Lo testimoniano il suo paesaggio, la sua lingua, i suoi monumenti, la sua cucina e il suo tessuto urbano. Una ricchezza che è facile leggere nell’arte, tra le pieghe leggere di un arabesco, su un capitello, tra le tessere dei mosaici e i putti barocchi, tra le architetture classiche e le volute liberty o ancora nell’Opera dei pupi; una ricchezza che altrettanto facilmente si legge nelle decine di iniziative, seminari, mostre, convegni, spettacoli che in ogni periodo dell’anno accolgono i palermitani e i turisti.

Capitale Italiana della Cultura è un progetto di visione e non un semplice calendario di eventi: perché la sua forza sta nell’essere riuscita a mettere in rete le istituzioni culturali della città, l’associazionismo e i suoi festival vitali e rodati;  nell’essersi allargata alla Città Metropolitana e a tutta la regione, moltiplicando il valore aggiunto della Biennale Manifesta12 che si aprirà a giugno e per cinque mesi proietterà la città nel mondo dell’arte internazionale.

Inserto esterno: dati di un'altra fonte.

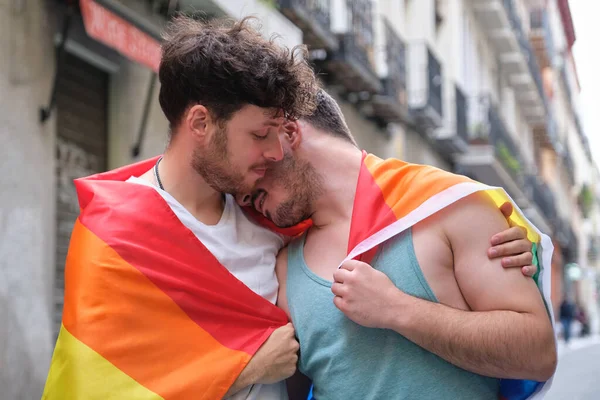 Gay casal envolto no um LGBT bandeira abraçando e sorrindo. — Fotografia de Stock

I progetti sono tantissimi: si va dalle mostre di livello internazionale – le immagini di Spencer Tunick, di Robert Capa, la mostra-evento su Antonello da Messina e le installazioni di Jan Fabre, Shozo Shimamoto e Martin Kipperberger fino a “ReSignifications” del Nobel Wole Soyinka – al Premio delle Arti del MIUR, al festival MigrArti del MIBACT, alla Festa Europea della Musica che porterà a Palermo mille giovani musicisti da tutta Europa in giugno. E ancora, un esperimento di “opera lirica sociale” che coinvolgerà un intero quartiere fino al convegno internazionale sulle “Filosofie del Mediterraneo di ieri e di oggi”.
Non mancano i progetti strutturali come il restauro di Palazzo Butera, museo della collezione Valsecchi, e l’apertura di due nuovi “parchi”: Al Medina Al Aziz che ruota attorno all’antico Castello della Zisa, patrimonio UNESCO con altri otto monumenti del sito seriale arabo normanno – e il cuore verde del parco Casina Cinese – Pitrè.